Artificial intelligence (AI) systems designed to elucidate causality, called Causal AI, seek to provide information on causal relationship that purely predictive AI models trained on historical data might lack.  The algorithms created by Causal AI are designed to encode biological mechanisms of cause and effect in order to be able to predict outcomes as well as prescribe the specific actions need to change these outcomes.  These models can then be tested against observed or empirical evidence to determine validity.


On March 5, 2023, Dr. Ference of the University of Cambridge presented the results of Translating Polygenic Risk for Coronary Artery Disease into Clinically Actionable

Information Using Causal A.I. at the Late Breaking Clinical Trial section of ACC.23/WCC.


This study sought to bridge the gap between PGS and its implications for individual clinical decision making by using Causal AI to estimate how much each person much lower their LDL, SBP, or both in order to overcome their inherited polygenic risk of a major coronary event (MCE).
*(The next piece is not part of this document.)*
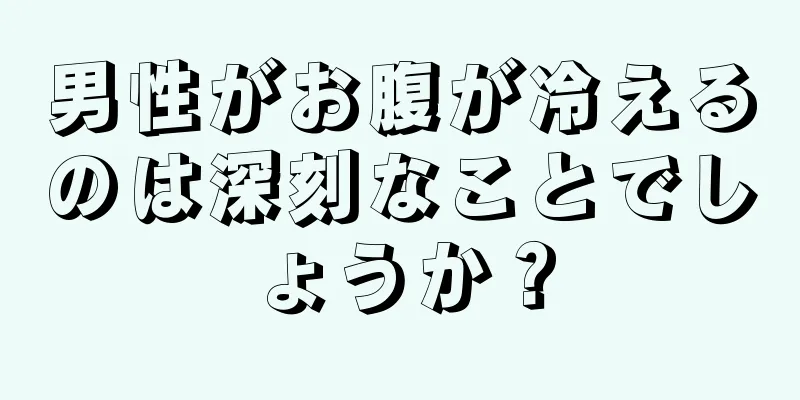 男性がお腹が冷えるのは深刻なことでしょうか？
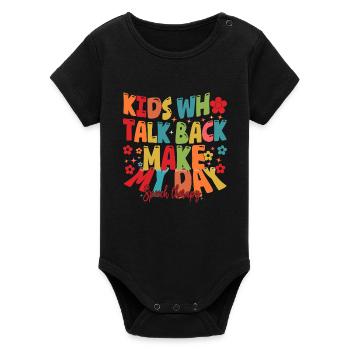 Kids Who Talk Back Make My Day Speech Pathologist - Organic Short Sleeve Baby Bodysuit by Stanley/Stella - black - Front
First, a Causal AI ensemble was trained on 1.8 million participants of either Mendelian randomization studies or randomized trials of LDL or BP lowering treatments.  A PGS for coronary artery disease (CAD) was created from over 4 million variants from genome wide association studies.  Next 445,765 participants from the UK biobank had their PGS calculated, and Causal AI was used to estimated how much their LDL or SBP needed to be lowered to get to the average polygenic risk of CAD.  Then these estimated were validated by comparing the observed event curves of patients randomized by nature (using genetic instrumental variables) into those who lowered their LDL, SBP, or both by the amount estimated by Causal AI to overcome their polygenic risk versus those in the same percentile of polygenic risk but with mean population LDL and SBP levels.  The primary outcome was time to first major coronary event (myocardial infarction or coronary revascularization).
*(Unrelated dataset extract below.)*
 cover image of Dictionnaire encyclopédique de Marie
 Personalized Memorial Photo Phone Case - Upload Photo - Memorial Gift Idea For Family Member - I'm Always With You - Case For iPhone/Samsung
They found that for most of the population, Causal AI predicted that polygenic CAD risk can be overcome with relatively modest lowering of LDL, SBP, or both (e.g. the 99th percentile of risk would require a a 20.7 mg/dL reduction LDL C and a 6.0 mmHg reduction of SBP to reach the equivalent of the 50th percentile of risk).   The Causal AI output was validated by the fact that patients with the PGS in the 80th percentile that were randomly allocated by nature to the magnitude of LDL or SBP lowering prescribed by Causal AI had the same risk of MCE as those participants randomized by nature to average polygenic risk, LDL, and SBP levels.  They also found that the later in life therapy was started, the greater the reductions in LDL and SBP were needed to overcome the same polygenic risk.   A family history of CAD provided independent and additive information to the polygenic risk score; one was not a replacement for the other, and the overall inherited CAD risk depends on both.  The Causal AI was also accurate in the amount of LDL and SBP lowering needed to overcome a patient’s overall inherited CAD risk based on both PGS and family history.
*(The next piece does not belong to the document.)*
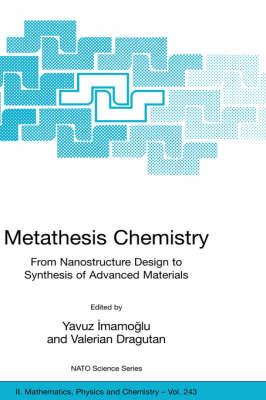 Metathesis Chemistry: From Nanostructure Design to Synthesis of Advanced Materials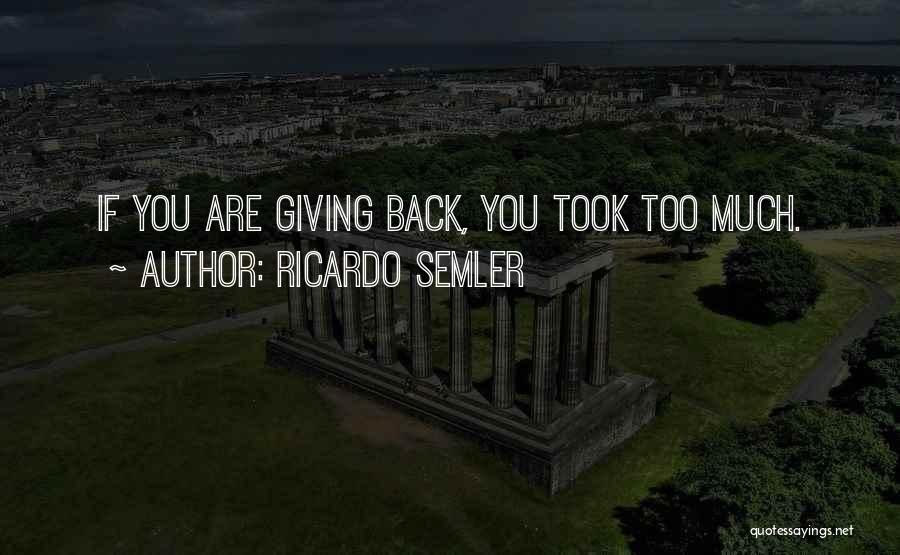 Ricardo Semler Quotes: If You Are Giving Back, You Took Too Much.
This trial is unique in that it demonstrated how causal AI can be used to take a PGS and turn it into clinically actionable information, in this case by quantifying the amount of LDL or SBP lowering needed to overcome excess polygenic risk for CAD.  According to this study, polygenic risk can be overcome by modest changes in LDL and SBP, but the later in life these risk factors are addressed, the more they need to be lowered in order to achieve the same amount of risk reduction.  It also showed that for most people, compared to a family history of CAD, “polygenic risk is a relatively weak contributor to their overall risk,” reported Dr. Ference. “Causal AI can be used to estimate how much each person must lower their LDL and SBP to overcome their overall inherited risk based on both their family history and polygenic predisposition.”  This novel application of using Causal AI to convert polygenic risk into an actionable clinical plan can help providers fine-tune the intensity of preventative care provided to the individual patient across the spectrum of age and cardiovascular risk.  It also has the potential to change the way we approach primordial prevention in the future.